Sapolsky takes the position—called “incompatibilism”—that determinism excludes any kind of free will and responsibility. Incompatibilism’s major competitor, compatibilism, holds that there are good reasons to think that free will and responsibility exist even in a deterministic universe. The compatibilist takes it as given that determinism is correct. But they insist that it is compatible with free will. Sapolsky is dismissive toward compatibilism, and the main argument in “Determined” targets the “principle of alternative possibilities,” the idea that someone can only be considered responsible for an action if it was possible for them to have acted differently (i.e., it was wrong for Maurice to hit Pablo, because they would have solved the dispute differently).
This probably strikes many readers as a plausible way to refute compatibilism. However, subtle compatibilists like the late Harry Frankfurt also disagree with the principle of alternative possibilities.

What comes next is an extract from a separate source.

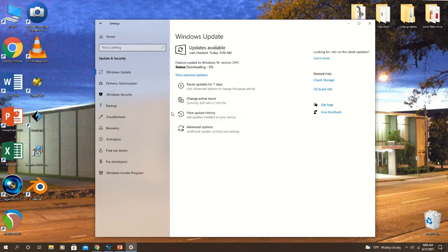Give your computer 5 to 10 minutes to download the necessary files and then restart your computer.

For Frankfurt, the possibility of acting differently is unnecessary baggage in discussions of responsibility: Maurice can be responsible for hitting Pablo even if, had they chosen to talk it out instead, Sue would have coerced Maurice into hitting Pablo.
This isn’t the place for a literature review on these so-called “Frankfurt cases,” but philosophers agree that it is at least plausible that Frankfurt was right about this. Skirting this whole discussion, Sapolsky dedicates one footnote to Frankfurt and calls his position “more than a bit of sophistry.” Aside from the omission of an extended treatment of the major oppositional perspective to incompatibilism, there is another conceptual dilemma in “Determined.”
This is the trouble in grounding claims about what we should do with incompatibilist premises. Contrary to Sapolsky’s intuition, there’s no reason that one can’t advocate humane treatment for people who cause harm to others while maintaining a meaningful concept of freedom and responsibility. In fact, we might require such a concept. This is because the most plausible way to interpret normative claims about what we “should do” hinges on an implicit claim that we could be doing otherwise than we are doing. Evading such an interpretation would require what can only be described as an ad hoc causal story about how reading a book would lead to a massive reconfiguration of social structures. But no such story is present in “Determined,” and even if it were, it might not be very convincing.